The French foreign minister accuses the American president of furthering a "divorce" between the United States and its European allies.
"Deep Trade Rift With Allies Seen," is a headline at The New York Times. "The Roots of Western Disunity" is the headline over another Times piece observing, "Over the last few years, trans-Atlantic differences on foreign policy have become so frequent that most of us regard them as the normal state of affairs."
"Rising Trade Barriers Stir Memories of U.S. Depression," is another Times headline, over an article that begins, "A surge of aggressive economic nationalism, as strong as any in the last half century, threatens to overwhelm the free trade policies that have underwritten the postwar prosperity of industrialized nations." It quotes a House staffer who called the situation "the most dangerous since 1930," which the Times reminded readers referred to "the Smoot-Hawley tariffs, which some say triggered the Great Depression."
The Times also writes about the president's "killing off of top foreign-policy officials," noting that so far the president "has had three national security advisers and two Secretaries of State."
That may all sound like it is recent press coverage of the Trump administration. Actually, though, it was all coverage of President Ronald Reagan, from back in 1982 and 1983.
One of the Times' columnists assured readers last week—that is, here in June 2018—that "Trump isn't Reagan. Reagan generally acted in concert with allies. Trump brazenly acts against them."
The word "generally" does a lot of work there. It's true, in retrospect, that we remember Reagan and the prime minister of Great Britain, Margaret Thatcher, or Reagan and the prime minister of Canada, Brian Mulroney, working together rather than quarreling. But it didn't always seem that way at the time, especially to those relying on a press that loves to emphasize conflict and to portray every minor disagreement as an unprecedented crisis.
What Reagan and the Europeans were squabbling about now seems obscure. "Europe-U.S. Gluten Dispute," was a headline on the front of The New York Times business page from May 1982, over a story reporting, "A fast-selling animal feed known as corn gluten, a byproduct of fructose, the sugar substitute, has emerged as a cause of serious trade tensions with Europe."
A June 1982 Times news article was headlined, "Allies' View of U.S. Pipeline Policy: A Stunning Act That Is Self-Defeating." It reported, "The damage done to allied relations by the Reagan Administration's extension of sanctions involving the Soviet-West European natural gas pipeline project is apparently real.

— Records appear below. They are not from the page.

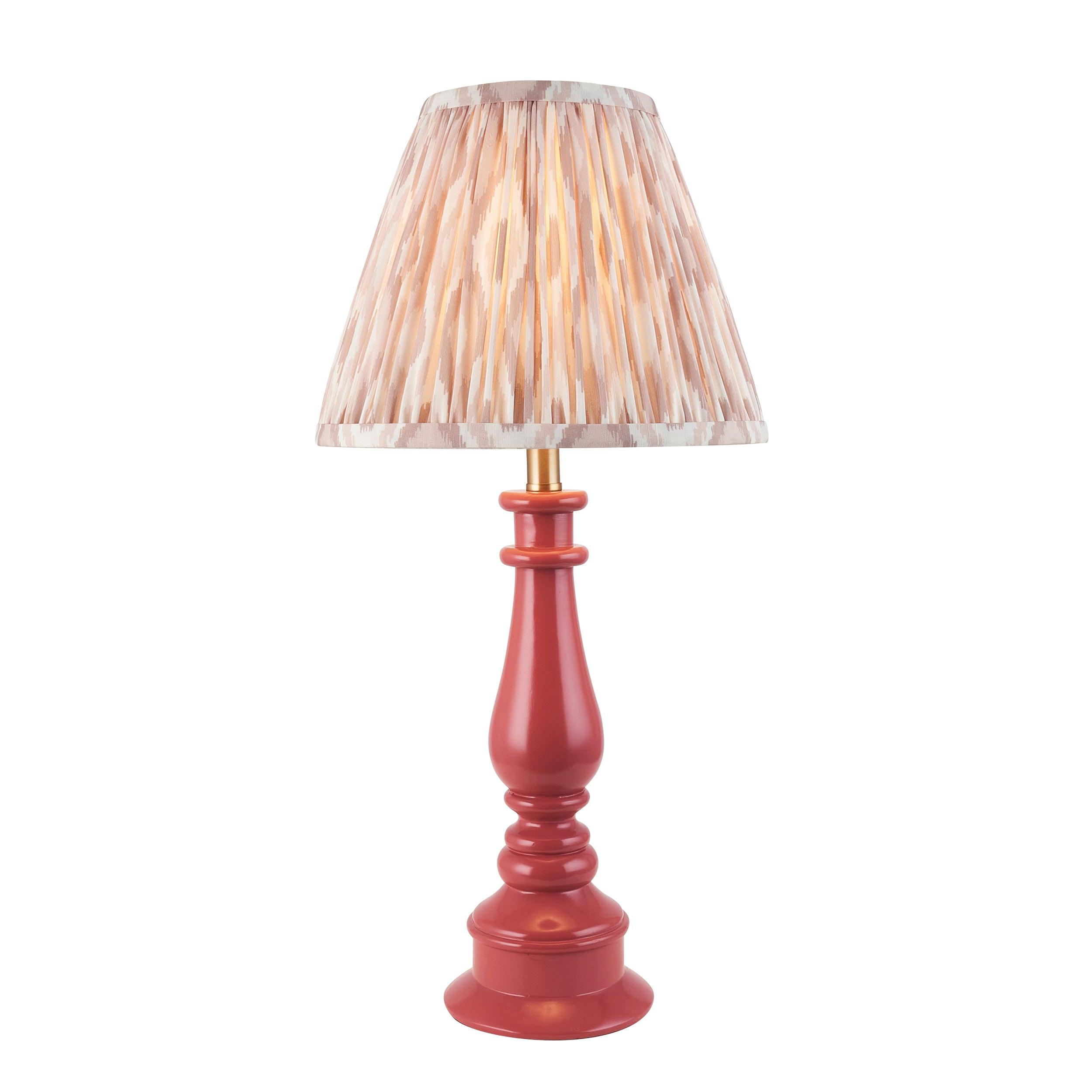 Myrtle Pink Table Lamp & Ikat 25cm Neutral Shade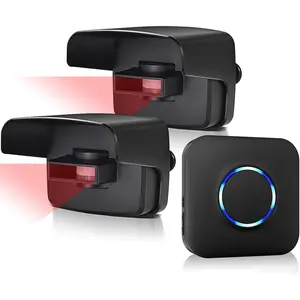 Driveway , Outdoor Weatherproof Motion Sensor & Detector with 600ft Range, Microwave    Alert System for Driveway/Garage/Indoor/Outdoor (1 Receiver+2 Sensors)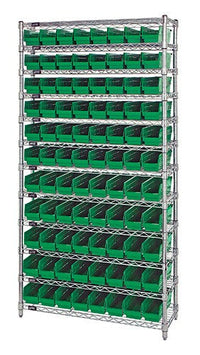 Green polypropylene bins on wire shelving unit 72x12x74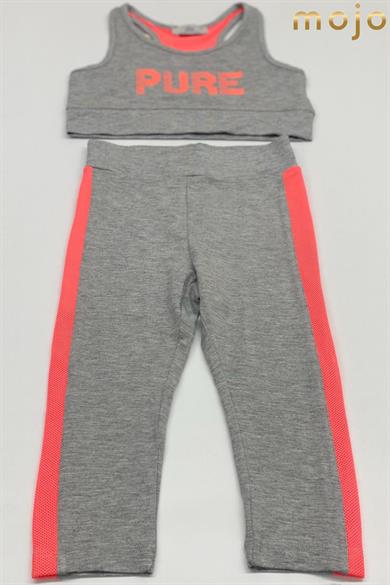 Mojo Kız Çocuk Fileli Sporcu Atletli Taytlı Takım 51139 Gri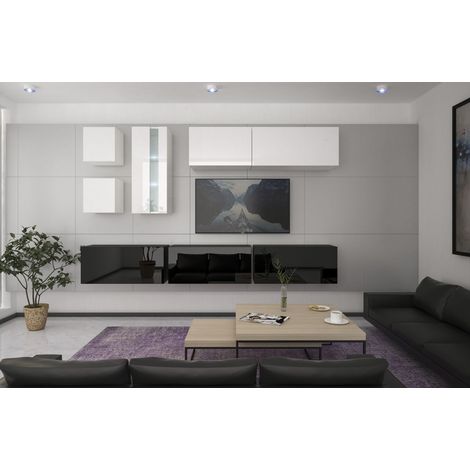 Ensemble meuble TV NEXT 280 AN280-17BW-HG23-1B noir-blanc brillant 284 cm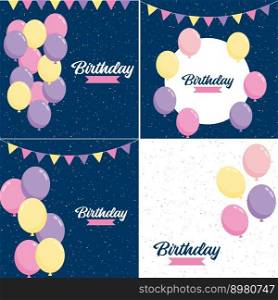 Vector illustration of aHappy Birthday celebration background with balloons. banner. and confetti for greeting cards
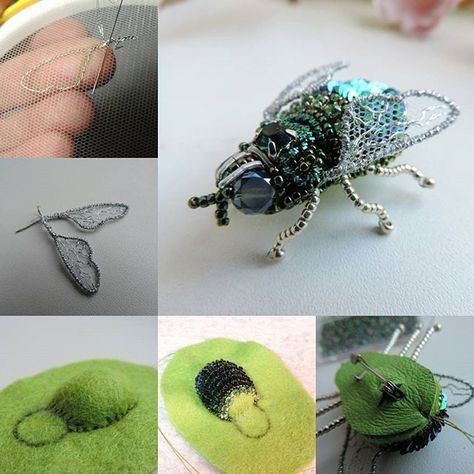 Gold Work Embroidery, Beaded Spiders, Diy Bead Embroidery, Beadwork Embroidery, Brooch Diy, Insect Jewelry, Bead Embroidery Jewelry, Embroidery Jewelry, Beaded Animals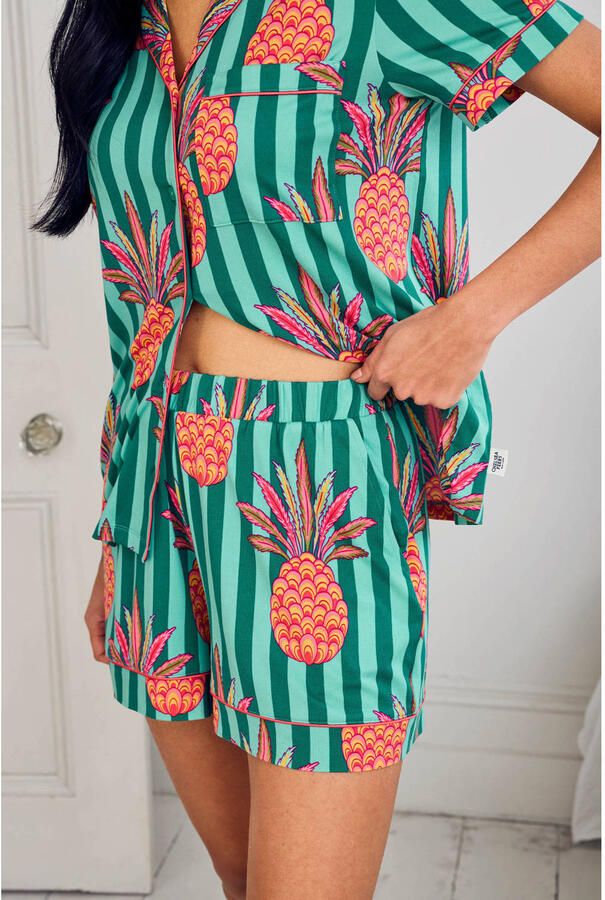 Chelsea Peers shortama turquoise groen oranje - Foto 2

It appears to go beyond the dimensions of yet another trans-Atlantic squabble." The Times had covered the development at the top of the front page, in a news article that began, "President Reagan, in a major rebuff to West European allies…"
Thatcher's complaint about Reagan's decision generated another front-page Times story, headlined, "Mrs. Thatcher Faults U.S. on Siberia Pipeline."
European foreign ministers in June 1982 expressed "grave concern" about the Reagan administration's steel tariffs, explaining that they "should be viewed against the general background of escalating trade disputes between the United States and the community, not just in relation to steel, but also to agriculture, export credits and textiles."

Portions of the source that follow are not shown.